August 1, 1886, Mr. Heard married Miss Addie M. Bartsche, and they have two sons, Harmon C, born July 2, 1889, and Herman C, born August 15, 1892. Mrs. Heard is the only child of George and Clarrissa Bartsche, and was born in Hickory County, Missouri, where her parents settled in 1841, though they now live at Hailey, members of their daughter’s household.

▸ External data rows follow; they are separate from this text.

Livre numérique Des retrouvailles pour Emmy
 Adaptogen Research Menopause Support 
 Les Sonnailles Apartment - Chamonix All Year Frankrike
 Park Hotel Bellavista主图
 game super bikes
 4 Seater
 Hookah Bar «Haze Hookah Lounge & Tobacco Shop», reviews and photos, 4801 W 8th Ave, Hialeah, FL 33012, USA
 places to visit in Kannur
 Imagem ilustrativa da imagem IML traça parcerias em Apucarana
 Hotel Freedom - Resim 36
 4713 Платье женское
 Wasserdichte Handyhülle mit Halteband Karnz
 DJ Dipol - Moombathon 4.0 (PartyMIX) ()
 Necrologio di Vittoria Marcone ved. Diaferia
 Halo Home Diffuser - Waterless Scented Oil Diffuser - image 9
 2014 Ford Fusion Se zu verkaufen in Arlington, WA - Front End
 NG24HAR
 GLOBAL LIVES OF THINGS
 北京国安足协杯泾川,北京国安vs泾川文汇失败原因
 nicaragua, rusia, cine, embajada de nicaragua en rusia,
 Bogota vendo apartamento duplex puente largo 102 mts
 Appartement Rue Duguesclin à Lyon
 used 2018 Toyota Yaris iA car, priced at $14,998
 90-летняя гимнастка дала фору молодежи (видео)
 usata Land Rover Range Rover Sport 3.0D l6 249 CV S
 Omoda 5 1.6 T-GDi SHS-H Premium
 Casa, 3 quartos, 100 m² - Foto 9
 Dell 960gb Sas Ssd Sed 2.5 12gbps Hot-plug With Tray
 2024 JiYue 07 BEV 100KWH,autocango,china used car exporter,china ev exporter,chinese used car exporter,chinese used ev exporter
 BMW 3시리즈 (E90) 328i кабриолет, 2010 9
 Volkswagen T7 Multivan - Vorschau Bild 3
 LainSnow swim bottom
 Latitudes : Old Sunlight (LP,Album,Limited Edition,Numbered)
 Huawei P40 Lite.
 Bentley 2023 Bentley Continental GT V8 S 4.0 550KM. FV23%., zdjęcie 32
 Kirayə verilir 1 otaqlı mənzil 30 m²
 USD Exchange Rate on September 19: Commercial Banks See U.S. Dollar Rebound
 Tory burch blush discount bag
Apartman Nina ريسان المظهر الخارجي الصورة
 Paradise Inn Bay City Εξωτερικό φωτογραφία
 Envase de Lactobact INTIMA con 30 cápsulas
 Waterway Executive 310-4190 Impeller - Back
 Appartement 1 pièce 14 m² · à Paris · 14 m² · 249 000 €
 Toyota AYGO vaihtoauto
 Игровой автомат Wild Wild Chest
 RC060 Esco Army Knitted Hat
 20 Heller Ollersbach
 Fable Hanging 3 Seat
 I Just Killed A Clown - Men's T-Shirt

Mr. Heard is a member of the Independent Order of Odd Fellows and of the Modern Woodmen of America, and he and Mrs. Heard are members of the Methodist Episcopal Church, to all the interests of which they give most generous support. Mr. Heard is a public-spirited citizen who has at heart the progress and prosperity of the town of his adoption and who gives his helpful encouragement to every movement having for its object the enhancement of the welfare of its people or any considerable class of them.